Carolina cambió pronto el luto de sus 25 años por sus locuras amorosas con Roberto Rossellini o Guillermo Vilas. Solo se vive una vez. Por fin, después de la follie, Carolina se casaba embarazada de Stefano Casiraghi sin haber recibido la anulación de su primer matrimonio. Tres hijos, guapos, y ese marido, el único italiano con cara de hombre fiel... Su hermana pequeña, Estefanía, se entregaba al ridículo mundial como artista discográfica ochentera, tan enamoradiza como Carolina pero con mucha menos clase. Sus novios fueron grotescos.
Su hermano Alberto y su cuerpo se reblandecían con los años, como derretidos alma y carne por los focos que le alumbraban para que nos riéramos de él. Carolina no, ella mantenía el estatus de princesa con su pamela en el balcón del palacio, sus modelos en la gala de la Cruz Roja, comiéndose todo el glamour con hombreras que quedaba en los 80.
La tragedia de Stefano, tras el accidente durante una regata, retiró a Carolina a Saint Remy, refugio de la viuda. Allí sus fotos son testigos de su muerte en vida, de su dolor profundo y maduro, de madre con tres hijos, en los que ver a su marido que no está: Carolina perdió pelo, sangre, vida y su mirada fresca de los 70 u 80 no volvió jamás. No ha vuelto nunca, ni cuando la han hecho abuela los hijos bellos de aquel italiano con cara de bueno que se mató porque amaba los barcos y la velocidad, y porque tuvo mala suerte.
Se dedicó a ser madre, lo mejor que pudo.
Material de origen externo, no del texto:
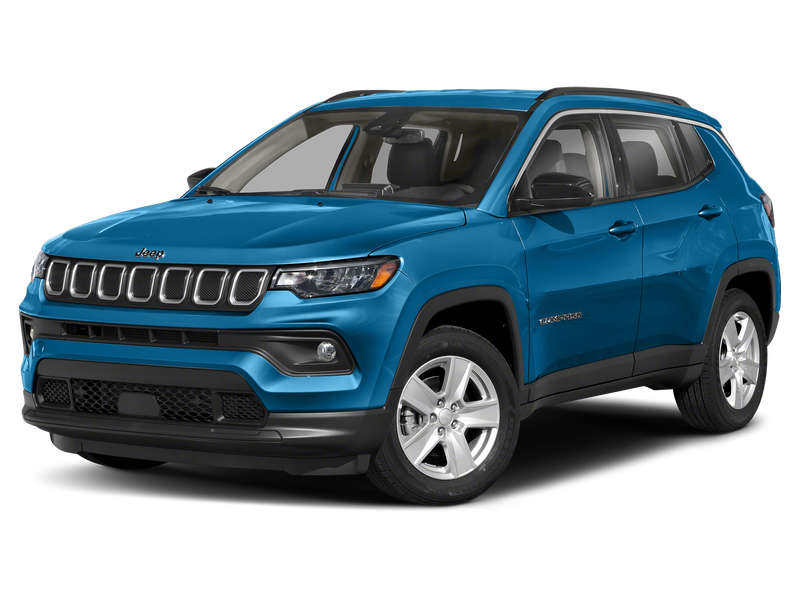 Jeep Compass Limited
Junto al guapo y varonil actor Vincent Lindon recuperó el amor, o eso creía ella. Los fotógrafos la perseguían más que los hombres y empezó a querellarse contra todo y contra todos.
Más tarde emparentó por fin con el gran príncipe que soñaban sus padres y fue princesa de Hannover. Cogió la mano del novio que mamá Grace hubiera querido para ella: pero el aristócrata alemán era más golfo que Junot y todos los playboys del mundo juntos: aun así, con él llegó su cuarta hija, Alexandra, y un título de relevancia mayor al que ni la separación de facto le ha hecho renunciar.